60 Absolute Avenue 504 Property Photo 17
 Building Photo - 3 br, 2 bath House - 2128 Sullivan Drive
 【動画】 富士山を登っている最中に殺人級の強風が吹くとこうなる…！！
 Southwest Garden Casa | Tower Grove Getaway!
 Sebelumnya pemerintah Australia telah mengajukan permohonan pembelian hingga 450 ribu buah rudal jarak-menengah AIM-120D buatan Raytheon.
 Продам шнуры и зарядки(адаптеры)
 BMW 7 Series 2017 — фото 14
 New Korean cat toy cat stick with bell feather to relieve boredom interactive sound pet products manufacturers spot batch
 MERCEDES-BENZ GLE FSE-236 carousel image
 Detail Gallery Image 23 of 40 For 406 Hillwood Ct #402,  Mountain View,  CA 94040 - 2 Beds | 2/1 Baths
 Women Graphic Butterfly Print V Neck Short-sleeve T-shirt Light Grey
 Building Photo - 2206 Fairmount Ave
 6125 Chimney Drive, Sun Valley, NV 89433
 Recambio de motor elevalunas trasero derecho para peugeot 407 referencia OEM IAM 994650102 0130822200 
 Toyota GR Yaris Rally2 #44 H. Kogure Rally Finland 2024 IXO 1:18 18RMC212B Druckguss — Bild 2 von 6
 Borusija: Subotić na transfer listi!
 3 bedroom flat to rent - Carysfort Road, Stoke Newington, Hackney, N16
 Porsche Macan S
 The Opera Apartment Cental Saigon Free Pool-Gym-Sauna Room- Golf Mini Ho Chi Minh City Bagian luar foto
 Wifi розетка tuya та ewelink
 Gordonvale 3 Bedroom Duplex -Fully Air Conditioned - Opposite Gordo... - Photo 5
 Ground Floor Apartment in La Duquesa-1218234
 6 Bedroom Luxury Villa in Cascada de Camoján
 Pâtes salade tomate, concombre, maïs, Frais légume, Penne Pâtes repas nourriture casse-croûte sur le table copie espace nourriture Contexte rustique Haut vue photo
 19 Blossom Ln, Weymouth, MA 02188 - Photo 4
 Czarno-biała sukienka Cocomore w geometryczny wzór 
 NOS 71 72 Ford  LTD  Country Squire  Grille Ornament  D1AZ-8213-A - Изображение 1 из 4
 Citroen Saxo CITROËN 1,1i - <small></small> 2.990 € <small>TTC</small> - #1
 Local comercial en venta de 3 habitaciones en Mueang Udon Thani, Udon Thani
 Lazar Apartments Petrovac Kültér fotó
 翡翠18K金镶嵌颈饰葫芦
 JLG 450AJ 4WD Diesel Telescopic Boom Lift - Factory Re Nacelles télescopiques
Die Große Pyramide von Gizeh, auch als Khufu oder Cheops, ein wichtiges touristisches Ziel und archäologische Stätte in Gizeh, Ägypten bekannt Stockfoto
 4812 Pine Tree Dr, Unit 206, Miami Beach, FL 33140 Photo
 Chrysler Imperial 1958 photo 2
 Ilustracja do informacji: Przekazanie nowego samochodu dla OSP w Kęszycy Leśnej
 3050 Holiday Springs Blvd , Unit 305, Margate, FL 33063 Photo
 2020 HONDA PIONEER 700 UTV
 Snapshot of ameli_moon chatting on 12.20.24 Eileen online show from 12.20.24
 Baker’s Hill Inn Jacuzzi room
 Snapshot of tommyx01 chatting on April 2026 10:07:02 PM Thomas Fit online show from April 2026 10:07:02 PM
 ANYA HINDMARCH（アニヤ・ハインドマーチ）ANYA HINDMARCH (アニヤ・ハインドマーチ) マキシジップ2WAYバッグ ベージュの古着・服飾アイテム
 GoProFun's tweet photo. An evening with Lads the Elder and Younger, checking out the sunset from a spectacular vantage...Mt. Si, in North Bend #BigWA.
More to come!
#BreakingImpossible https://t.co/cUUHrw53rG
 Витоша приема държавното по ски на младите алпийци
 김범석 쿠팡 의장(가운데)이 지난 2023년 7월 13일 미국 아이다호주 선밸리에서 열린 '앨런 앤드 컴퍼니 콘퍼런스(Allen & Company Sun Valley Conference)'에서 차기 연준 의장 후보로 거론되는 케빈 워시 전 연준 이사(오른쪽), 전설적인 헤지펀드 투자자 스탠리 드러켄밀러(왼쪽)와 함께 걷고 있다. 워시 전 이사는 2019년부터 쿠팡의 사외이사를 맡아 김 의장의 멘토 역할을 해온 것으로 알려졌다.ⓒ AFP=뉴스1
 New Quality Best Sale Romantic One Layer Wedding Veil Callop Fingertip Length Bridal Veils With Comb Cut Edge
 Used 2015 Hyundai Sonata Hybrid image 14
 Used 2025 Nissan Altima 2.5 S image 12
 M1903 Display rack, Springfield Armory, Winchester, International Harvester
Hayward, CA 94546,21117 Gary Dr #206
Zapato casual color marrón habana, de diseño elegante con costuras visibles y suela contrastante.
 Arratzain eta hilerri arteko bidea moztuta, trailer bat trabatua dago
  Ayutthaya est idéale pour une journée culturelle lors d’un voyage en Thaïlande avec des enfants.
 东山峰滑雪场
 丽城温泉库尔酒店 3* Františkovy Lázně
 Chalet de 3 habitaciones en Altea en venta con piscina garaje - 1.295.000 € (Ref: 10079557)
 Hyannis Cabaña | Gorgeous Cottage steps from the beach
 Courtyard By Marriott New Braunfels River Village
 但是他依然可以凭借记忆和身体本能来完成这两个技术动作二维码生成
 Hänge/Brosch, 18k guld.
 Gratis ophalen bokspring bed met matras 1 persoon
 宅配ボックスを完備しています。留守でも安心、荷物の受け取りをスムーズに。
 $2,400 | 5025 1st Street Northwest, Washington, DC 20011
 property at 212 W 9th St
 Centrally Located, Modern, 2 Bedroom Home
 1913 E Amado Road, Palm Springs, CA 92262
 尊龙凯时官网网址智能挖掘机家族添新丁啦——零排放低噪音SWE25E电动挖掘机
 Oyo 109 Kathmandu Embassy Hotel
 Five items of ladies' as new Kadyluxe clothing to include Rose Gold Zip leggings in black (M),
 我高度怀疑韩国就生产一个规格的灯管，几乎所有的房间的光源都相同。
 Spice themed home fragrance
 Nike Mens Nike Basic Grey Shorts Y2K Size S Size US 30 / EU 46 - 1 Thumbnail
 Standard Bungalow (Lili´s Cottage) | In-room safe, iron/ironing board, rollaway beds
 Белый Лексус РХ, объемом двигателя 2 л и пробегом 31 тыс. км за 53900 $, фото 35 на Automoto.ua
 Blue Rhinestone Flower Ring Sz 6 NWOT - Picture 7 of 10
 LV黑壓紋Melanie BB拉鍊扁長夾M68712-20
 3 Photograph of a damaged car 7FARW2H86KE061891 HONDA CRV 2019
__________
◆ **Aim of the task**
Take the listing above and repeat exactly the lines from the one containing "丽城温泉库尔酒店 3* Františkovy Lázně" through the one containing "我高度怀疑韩国就生产一个规格的灯管，几乎所有的房间的光源都相同。", both included.

◆ **Solved exercise**
 丽城温泉库尔酒店 3* Františkovy Lázně
 Chalet de 3 habitaciones en Altea en venta con piscina garaje - 1.295.000 € (Ref: 10079557)
 Hyannis Cabaña | Gorgeous Cottage steps from the beach
 Courtyard By Marriott New Braunfels River Village
 但是他依然可以凭借记忆和身体本能来完成这两个技术动作二维码生成
 Hänge/Brosch, 18k guld.
 Gratis ophalen bokspring bed met matras 1 persoon
 宅配ボックスを完備しています。留守でも安心、荷物の受け取りをスムーズに。
 $2,400 | 5025 1st Street Northwest, Washington, DC 20011
 property at 212 W 9th St
 Centrally Located, Modern, 2 Bedroom Home
 1913 E Amado Road, Palm Springs, CA 92262
 尊龙凯时官网网址智能挖掘机家族添新丁啦——零排放低噪音SWE25E电动挖掘机
 Oyo 109 Kathmandu Embassy Hotel
 Five items of ladies' as new Kadyluxe clothing to include Rose Gold Zip leggings in black (M),
 我高度怀疑韩国就生产一个规格的灯管，几乎所有的房间的光源都相同。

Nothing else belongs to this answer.